Finally, there's the opposite sort of player, the sort of player who still isn't ready for the NHL but is a silky-smooth offense-first young prospect rather than a useless bruiser. Jordan Eberle is 19, a first-rounder, a Canadian World Junior hero, and he plays in Saskatchewan. It's the perfect storm for cloying articles saying how he might just make the team, and even though he hasn't a single point in preseason that's just what we've been seeing.
I think Eberle is a great prospect. In high-level competition he has excelled, both at the U-18s and at the World Juniors last year. His brief AHL opportunity at the end of last year was unexpectedly successful, and though his regular season in Regina was a disappointment the Pats stunk and Eberle had next-to-no support. But it's a long way from being a prospect to being a player, as Sam Gagner is proving, and burning a valuable year of Eberle's service time and moving him that much closer to unrestricted free agency seems a poor return for maybe ten goals, twenty-five points, and not much achieved.

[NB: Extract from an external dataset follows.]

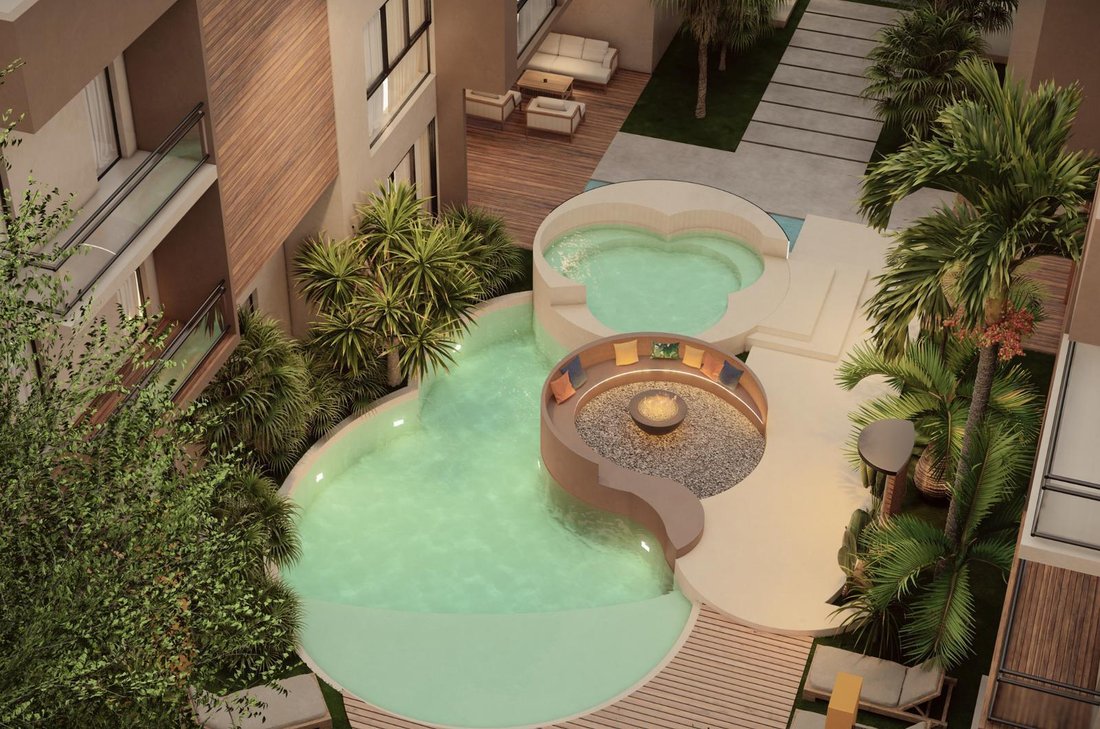 Appartamento a Alma Tulum Hotel, Quintana Roo, Messico 2 - 18166154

It's alarming that Eberle is getting so much notice. My first thought when Fernando Pisani's injury was announced was that this might be the Oilers clearing room to give Eberle an audition, and if it lasts any more than ten games something is amiss.
Last but not least is the Great One himself. Captain America. Belgium. The greatest prospect since Beliveau. Rob Schremp.
He's not going to make the team, of course. Schremp is suffering from massive hype backlash. In the Panthers game Schremp played it safe and concentrated on his defense - allegedly what everybody's wanted from him all these years - and he was chewed out in the comment threads of the world for not scoring. His skating is significantly improved from his first AHL season. He may have an attitude but it's not like the kid ain't working at it. It's not the will that's letting Schremp down, it's the skill.
Schremp just doesn't seem to be all that good at even strength hockey. He's produced on the power play throughout his career but he's never gotten it done five on five, even in junior. It's time we called a spade a spade, and acknowledged that if Schremp makes this team, even playing soft minutes, he won't be able to tread water at even strength.
And yet...
Rob Schremp is far from the only bad even-strength player on this list. If anybody here other than Pouliot broke even, it would be a shock. But unlike Reddox or Eberle or the goons, Schremp can help on special teams. Accept an awful fourth line as a certainty (which it appears to be), and having some powerplay help starts to look pretty attractive. If Kip Brennan goes -20 and Rob Schremp goes -20 but Rob Schremp scores four on the power play, that's a win for Rob Schremp.
It won't happen. But it could work.
My picks: Pouliot, Brule, Schremp, Jacques
My guess: Pouliot, Brule, Brennan, Jacques, Eberle (10 games)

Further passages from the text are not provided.